Я хочу при доказательствах этого факта ограничиться только областью моей специальности, лесным хозяйством, и в остальном сослаться на неизвестные вообще тайные причины коллективизации крестьянства.
Разбазаривание сырья и демпинг
Когда в 1928 – 1931 гг. я производил свои лесные обследования, я увидел, до чего легкомысленно, равнодушно, даже больше того, преступно разбазаривали советские владыки сырьевые богатства СССР.
Тысячи сосланных крестьян занимались на лесных разработках гигантскими заготовками железнодорожных шпал.
К немалому моему удивлению, я должен был констатировать, что отдельные шпалы, толщиной в 12 см, просто вырубались топором из кругляка в 25 – 30 см диаметром. Таким образом, из каждого бревна 50 – 60% уходило на щепу.
Я указал, что будет гораздо проще разрезать кругляки шпальной пилой на две части и потом обрабатывать нужную гладкую поверхность топором.
На это мне показали техническую инструкцию, в которой соответствующие центральные учреждения лесного ведомства предписывали вырубать шпалы только колуном или топором.
Мне пришлось затратить много усилий, чтобы, по возвращении в Москву, настоять на прекращении, – по крайней мере, на бумаге, – этого бессмысленного разбазаривания сырья. Но на практике, как я убедился при последующих обследованиях, не изменилось, конечно, ничего.
Если принять во внимание, что в СССР уже с 1925 г. вырабатывалось в среднем 25 – 30 миллионов шпал, а позже до 50 миллионов, то можно себе представить, какая чудовищная масса такого ценного лесного сырья была бессмысленно растрачена за это время.

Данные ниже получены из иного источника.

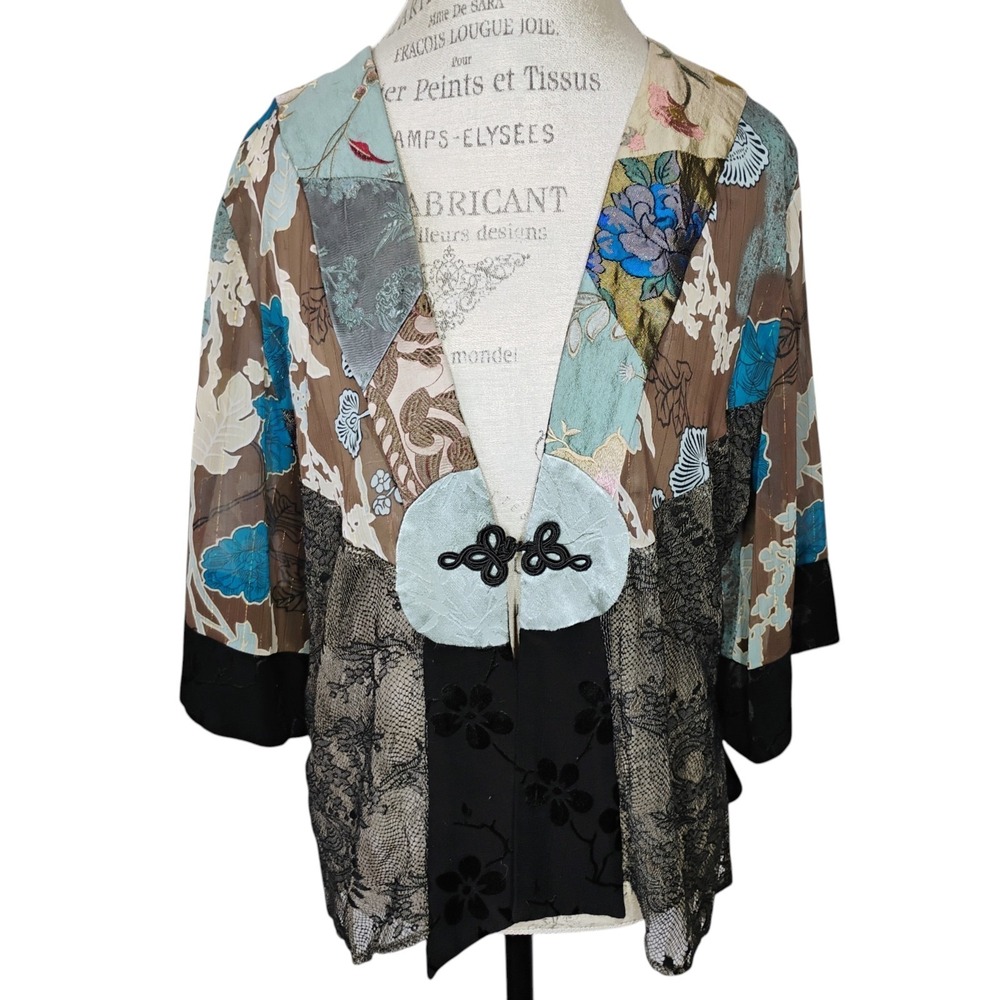 Spencer Alexis Kimono Top Women Large Brown Patchwork Floral Romantic Lace Fairy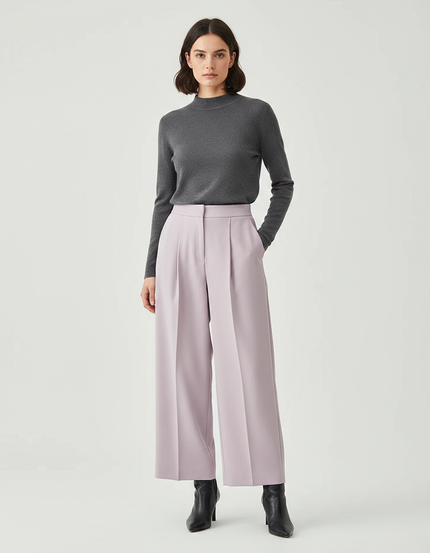 Pantalon À Pince Lavande Ample Plissé Taille Haute - Violet Polyester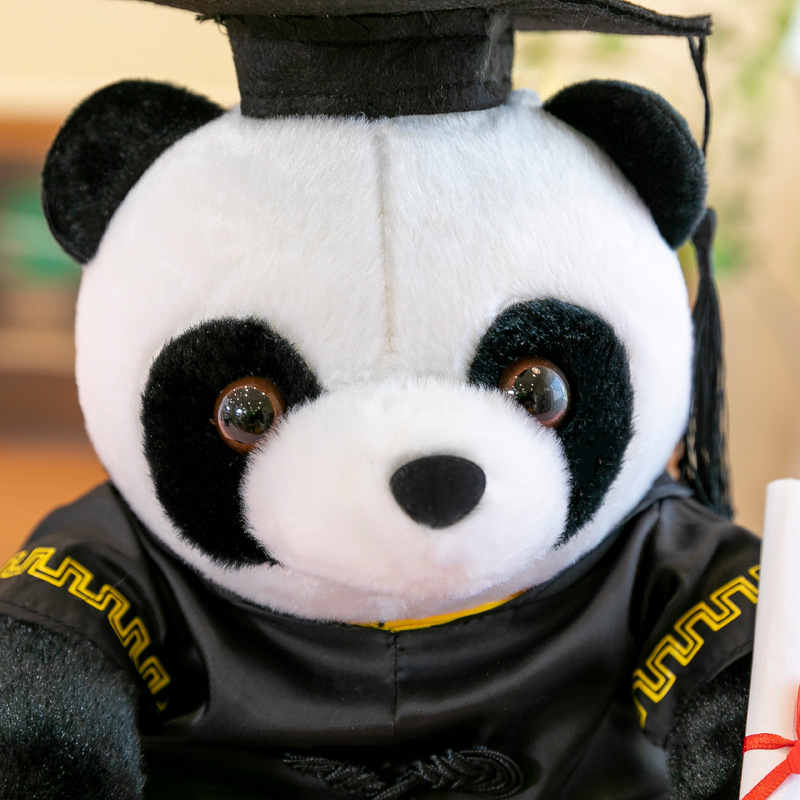 Muñeca de graduación con gorra de doctorado, uniforme, panda, regalo universitario, logo personalizado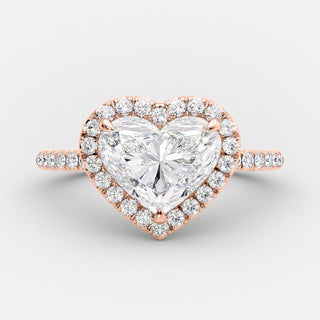 2.0 CT Heart Shaped Moissanite Halo Engagement Ring - crownmoissanite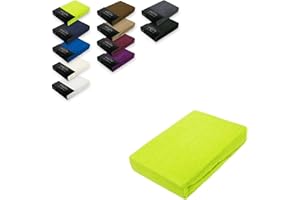 EXKLUSIV HEIMTEXTIL Frottee Spannbettlaken 180-200 x 200 cm 80% Baumwolle, 20% Polyester Öko - Tex Zertifiziert, Markenqualität, Matratzenhöhe bis 25 cm, Apfelgrün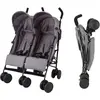 Image de X Adventure poussette jumelle / poussette duo / poussette double / poussette jumelle - châssis léger en aluminium - deux dossiers réglables - Gris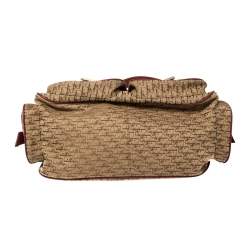 Pre Owned حقيبة كتف ديور جيب متعدد كانفاس ديورسيمو حمراء / بيج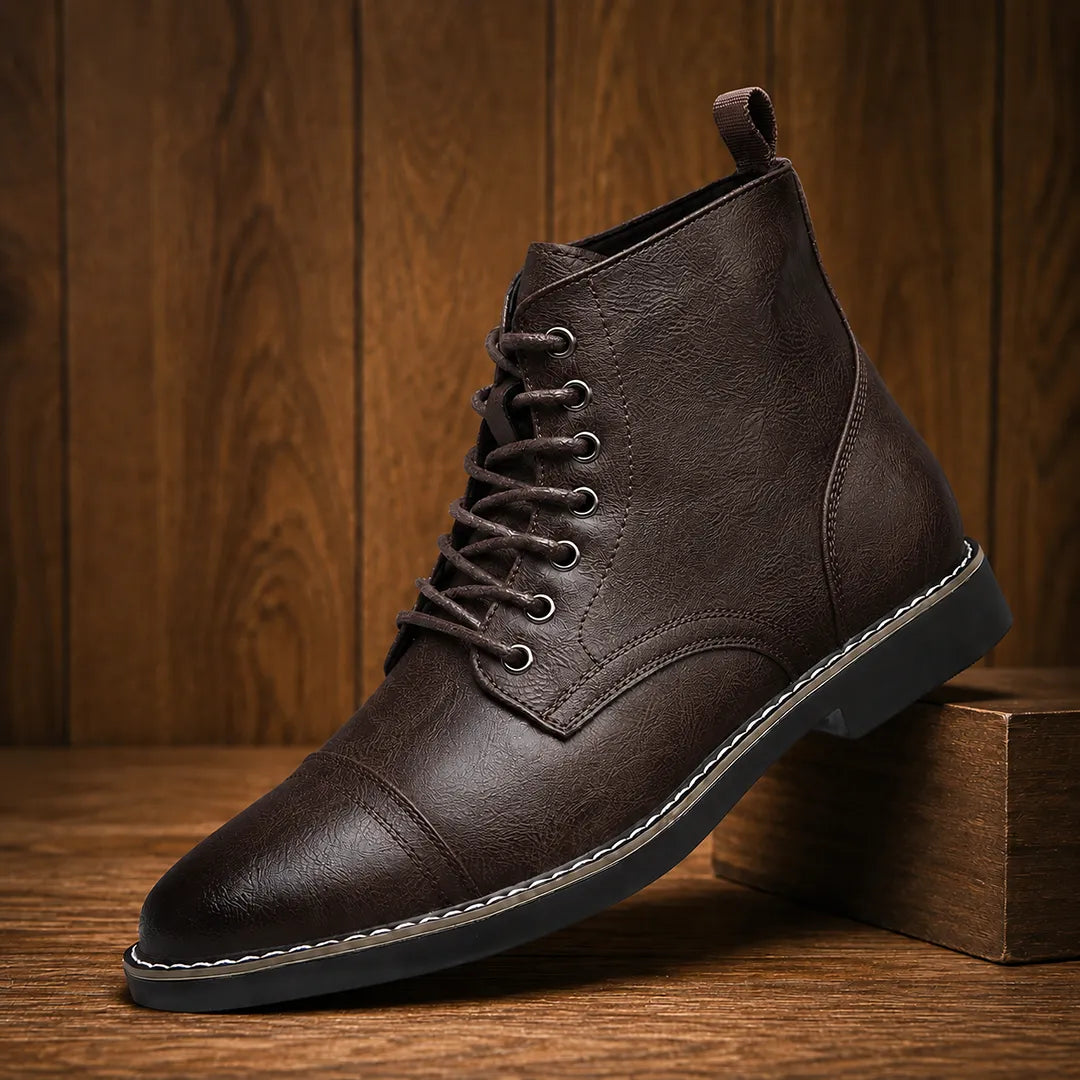 Cap Toe Lace-Up Boots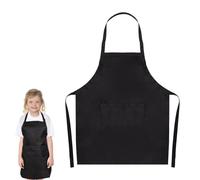 Lancry Kids Apron for Cooking, Unisex Apron With Adjustable Neck strap, Kitchen Aprons with Front Pocket for Girls Boys Baking Painting (Black, XL)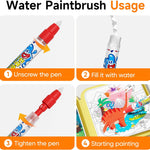 Timetome Water Painting Books for Kids Ages 3-6 | Water Coloring Books with Water Pens, No Mess Travel Toy for Kids to Develop Creativity, Fine Motor Skills and Early Learning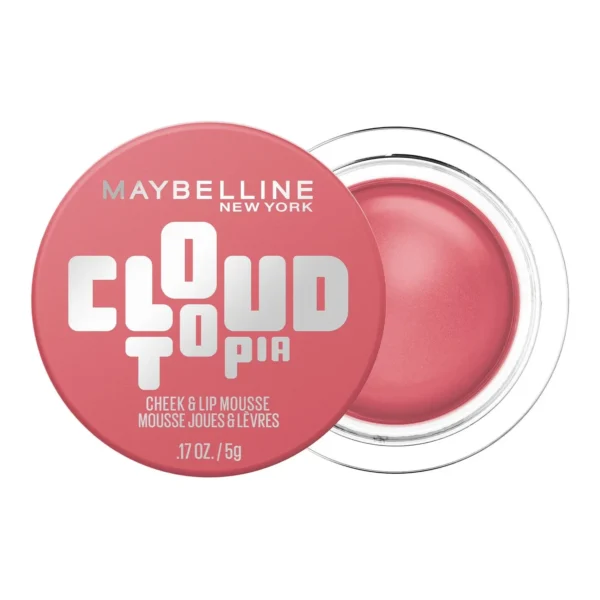 MAYBELLINE CLOUDTOPIA MAUVE N08 blush et rouge à lèvres 2-en-1 à texture mousse légère pour un fini naturel.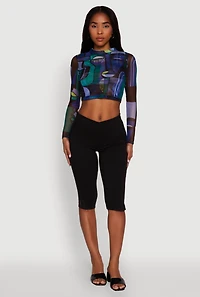 Womens Trendy Mesh Sheer Long Sleeve Crop Top with Printed Pattern,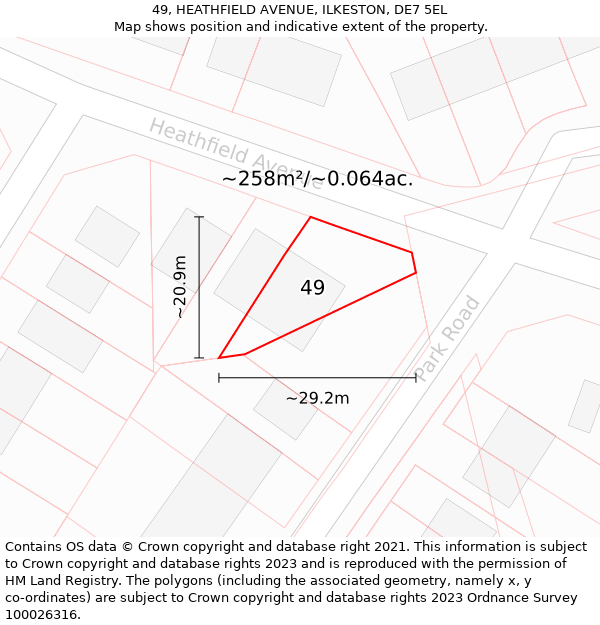 49, HEATHFIELD AVENUE, ILKESTON, DE7 5EL: Plot and title map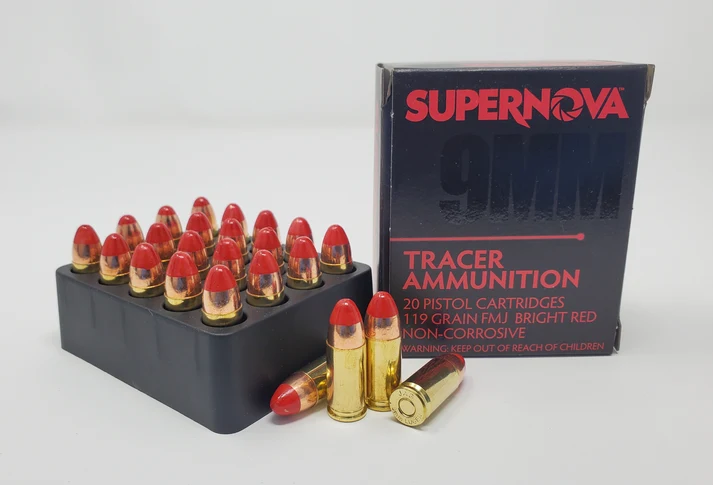 SUPERNOVA 9MM 119GR RED TRACER AMMUNITION 100 RDS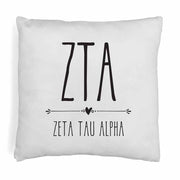 Zeta Tau Alpha sorority name and letters in boho style design digitally printed on throw pillow cover.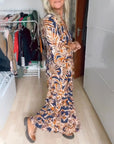 Printed v neck maxi dress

Но и в других областях лесного хозяйства велась такая же хищническая эксплуатация. В течение нескольких лет были разорены гигантские и ценные лесные области. В 1923 – 1924 г. еще можно было доставлять большую часть нужной лесной массы – около 40 миллионов кубометров в год – из мест, лежащих в 1 – 3 километрах от ближайших железнодорожных станций или сплавных пунктов. Но уже зимой 1929/30 г. лес приходилось привозить за 15 километров, потому что в более близких к транспортным путям местах все пригодные виды леса были в буквальном смысле слова выкорчеваны.
Те леса, которые подвергались такой «разработке», после окончания зимних лесных работ были почти недоступны. Вдоль и поперек лежали друг на друге стволы. До трех четвертей срубленного леса оставалось лежать на земле, так как стволы были слишком тонки. Потом эти обесцененные древесные массы сжигались для «очистки» лесных площадей. Таким образом, возникали гигантские лесные пожары, истреблявшие на несколько поколений вперед многие миллионы кубических метров драгоценного высокоствольного леса, этого огромного национального богатства.
При самой скромной оценке можно утверждать, что бессмысленно и бесполезно сгноенные и сожженные массы древесины, во всяком случае, в два раза превышали использованное дерево.
Добыча 1931 хозяйственного года была равна 250 миллионам кубометров. Если прибавить к этому обычные потери, то получится, что в действительности было вырублено больше 500 миллионов кубометров. А так как известно, что гектар русского нетронутого леса дает в среднем не больше 300 кубометров древесины, то добыча или вырубка 250 миллионов кубометров означала обнажение более 1,5 миллиона гектаров. Если бы на такой же основе велось лесное хозяйство, например, в Финляндии или в Германии, то это означало бы, что в Финляндии, с ее 9 миллионами гектаров леса, и в Германии, с ее приблизительно 12 миллионами, в 6 – 8 лет было бы вырублено все до последнего дерева.